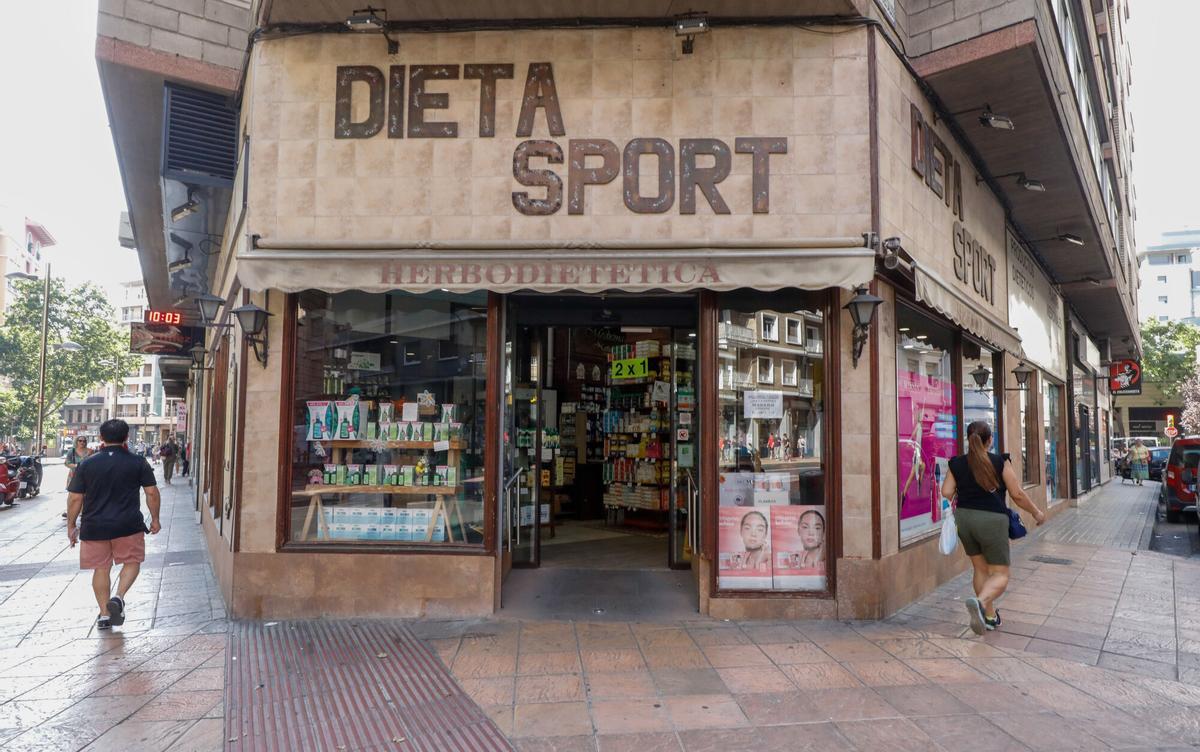 En imágenes | Una de las primeras herboristerías de Zaragoza se despide de su histórica tienda en el centro
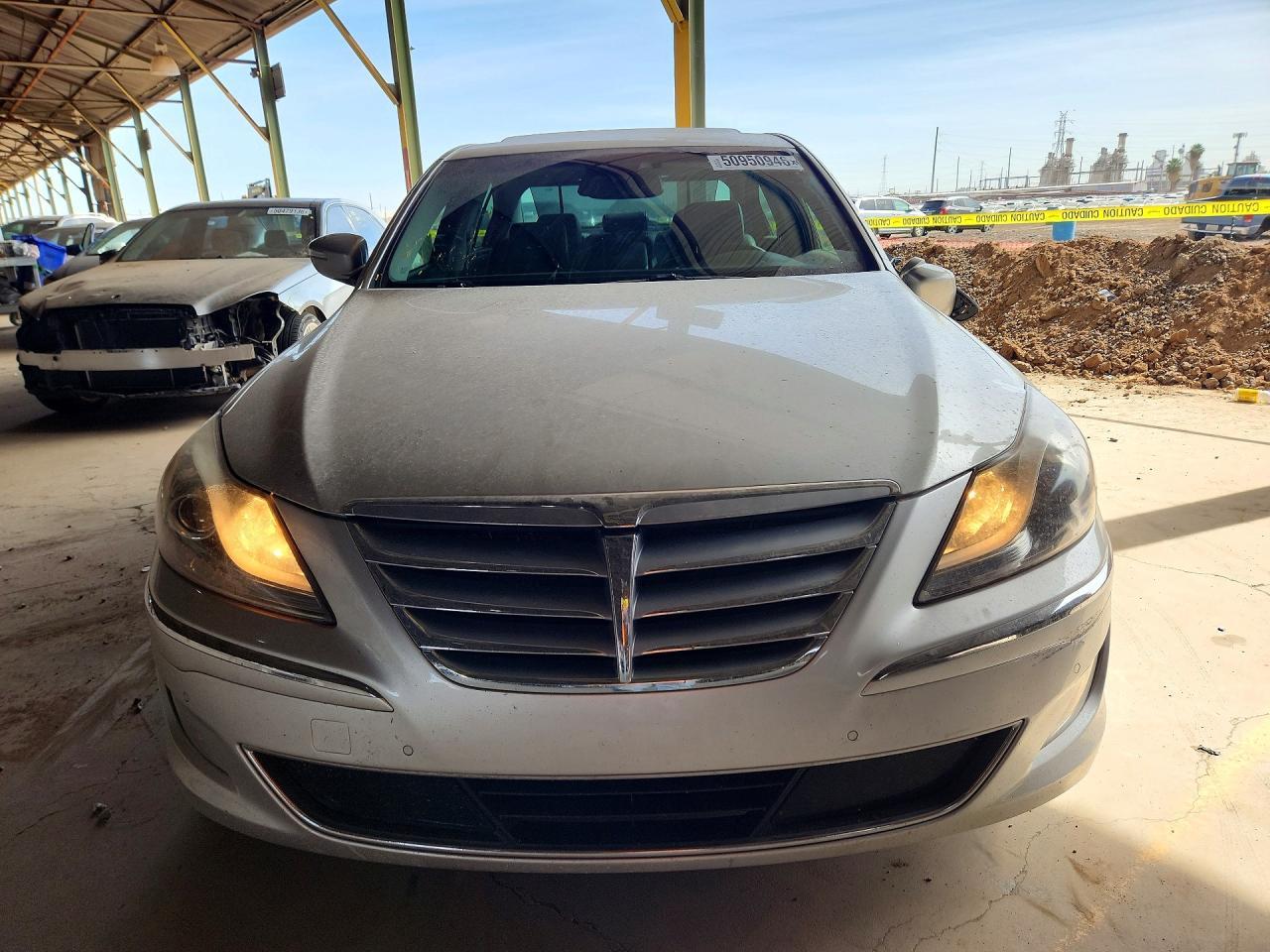 HYUNDAI GENESIS
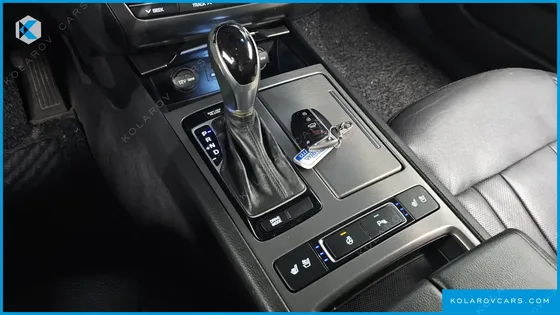 HYUNDAI GENESIS G330 MODERN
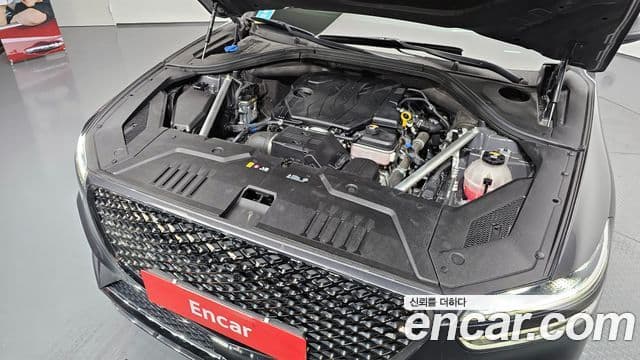 Genesis GV70, 2021 6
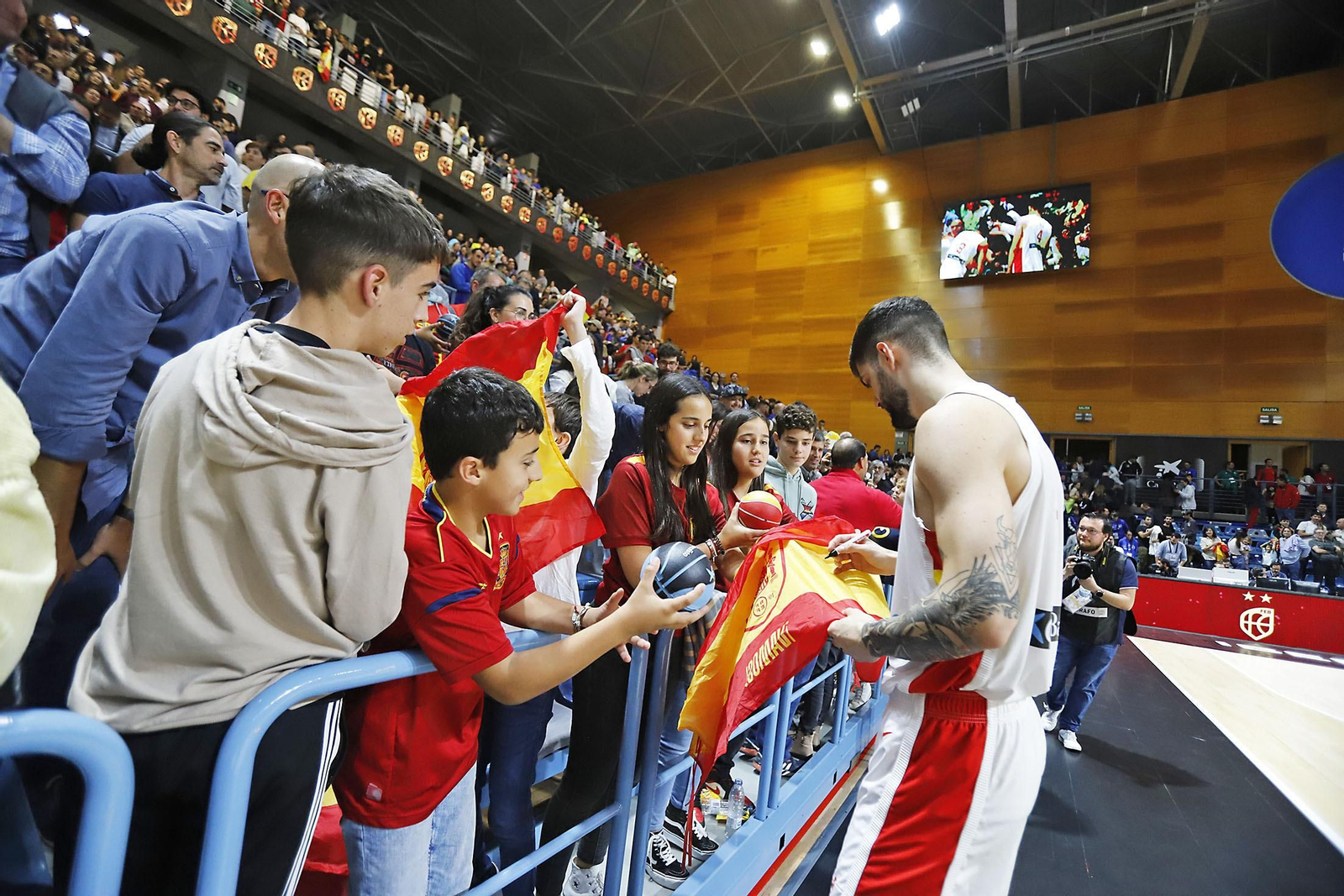 Imágenes de la celebración de la selección Española de baloncesto por certificar su pase con una victoria ante Paises Bajos Imágenes de la celebración de la selección Española de baloncesto por certificar su pase con una victoria ante Paises Bajos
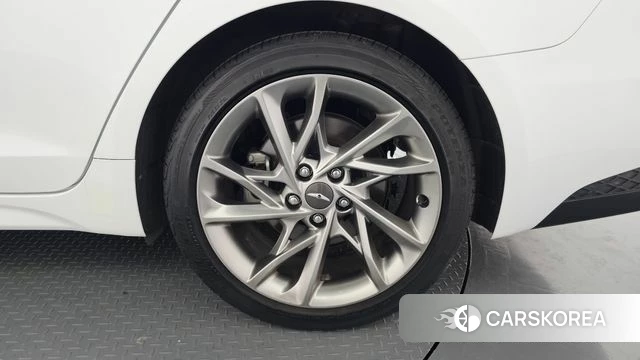 Genesis The New G70 id 4195480 из Кореи 13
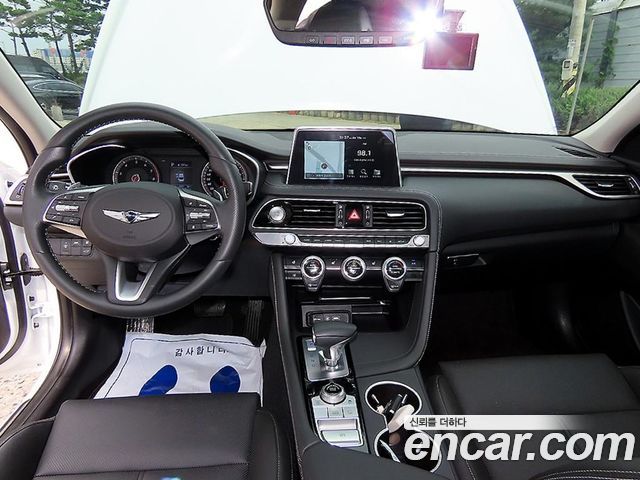 Genesis G70 — interior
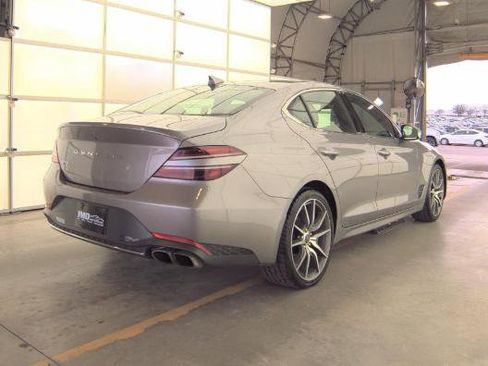 Used 2023 Genesis G70 2.0T image 4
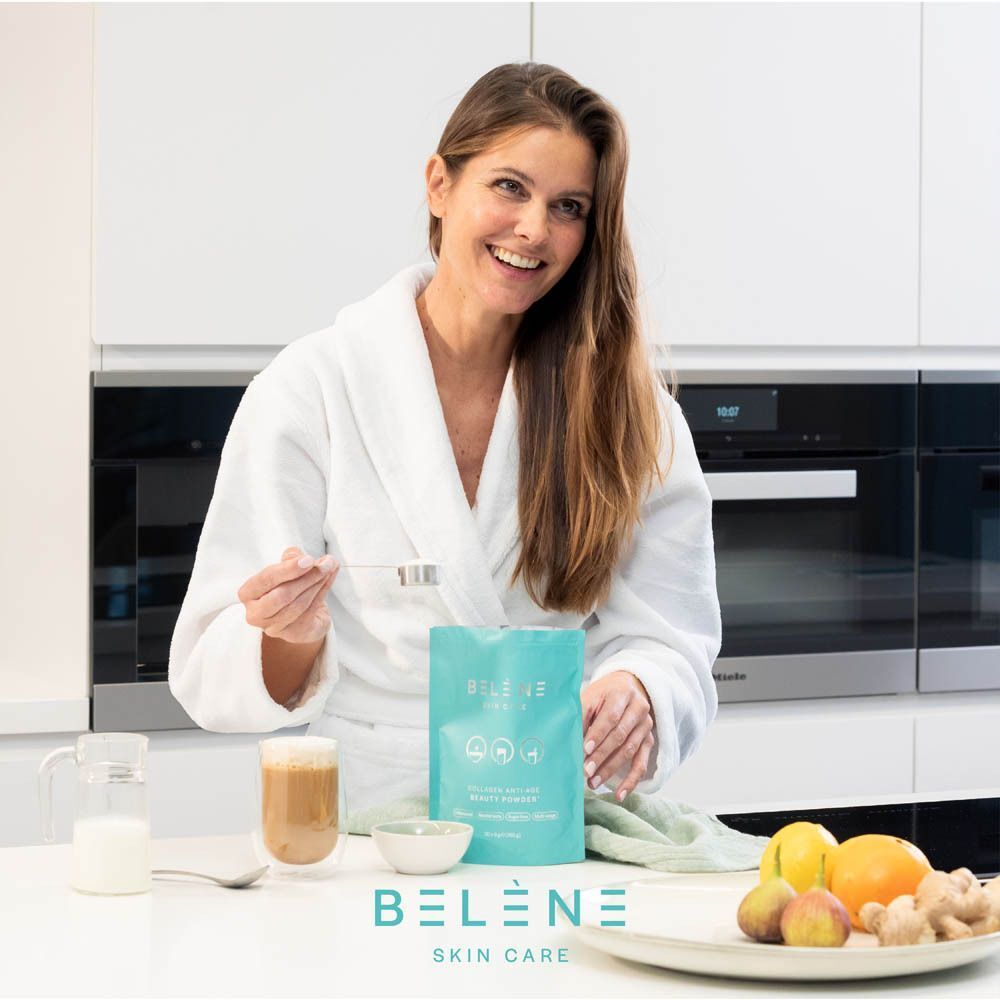 Sachet turquoise BELENE Skin Care Collagène Beauty Powder, indiquant les ingrédients : zinc, B2, E, C, peptides de collagène.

▶ _Exercise objective_:
In your copy, include no pictures and only the lines from the line with "Genesis G70 — interior" through the final line of the listing above, reproduced exactly.

▶ _Solution for this exercise_:
 Genesis G70 — interior
 Used 2023 Genesis G70 2.0T image 4
 Sachet turquoise BELENE Skin Care Collagène Beauty Powder, indiquant les ingrédients : zinc, B2, E, C, peptides de collagène.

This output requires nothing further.